Ingredients
- 2 ½ cups all-purpose flour
- 1 teaspoon baking soda
- ½ teaspoon baking powder
- 2 teaspoons pumpkin spice
- 1 teaspoon kosher salt
- 1 cup unsalted butter, softened
- 1 cup brown sugar, packed
- ½ cup of pumpkin puree
- 2 teaspoons pure vanilla extract
- 2 cups of chocolate chunks, divided (6 1.55 oz chocolate bars)
- 1 cup mini marshmallows
- 4-6 graham crackers broken into rectangle chunks about ¼-½ inch
Instructions
- Preheat the oven to 350 degrees Fahrenheit and line a baking sheet with parchment paper.
- Add the flour, baking soda, baking powder, pumpkin spice, and salt to a small mixing bowl and whisk to combine. Set aside.

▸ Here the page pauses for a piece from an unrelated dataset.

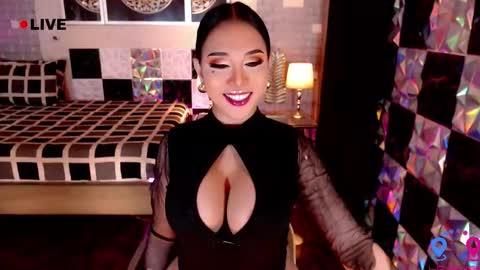 DIRTY MISTRESS ABIGAIL online show from September 9, 8:51 pm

- Add the butter, brown sugar, pumpkin puree, and vanilla extract to the bowl of a standing mixer and mix with the beater attachment on a medium speed until well combined (about 30 seconds – 1 minute).

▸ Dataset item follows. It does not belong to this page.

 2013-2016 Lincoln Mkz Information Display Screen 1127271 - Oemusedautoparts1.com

- Add the dry ingredients to the wet and lower the mixing speed to a medium-low. Mix until they’re just combined and there are no more streaks of flour. Scrape down the sides as necessary.
- Use a spatula to fold in your chocolate chunks, reserving ½ cup of chocolate chunks.
- Using a small cookie scoop, scoop out balls of dough and slightly flatten to a 2 ½ inch wide, ¾ inch thick puck. Create little nests with the graham cracker pieces on top and tuck the marshmallows and reserved chocolate pieces in between them.
- Bake for 14 minutes and let the cookies sit on the baking sheet for an additional 5 minutes before moving to a cooling rack.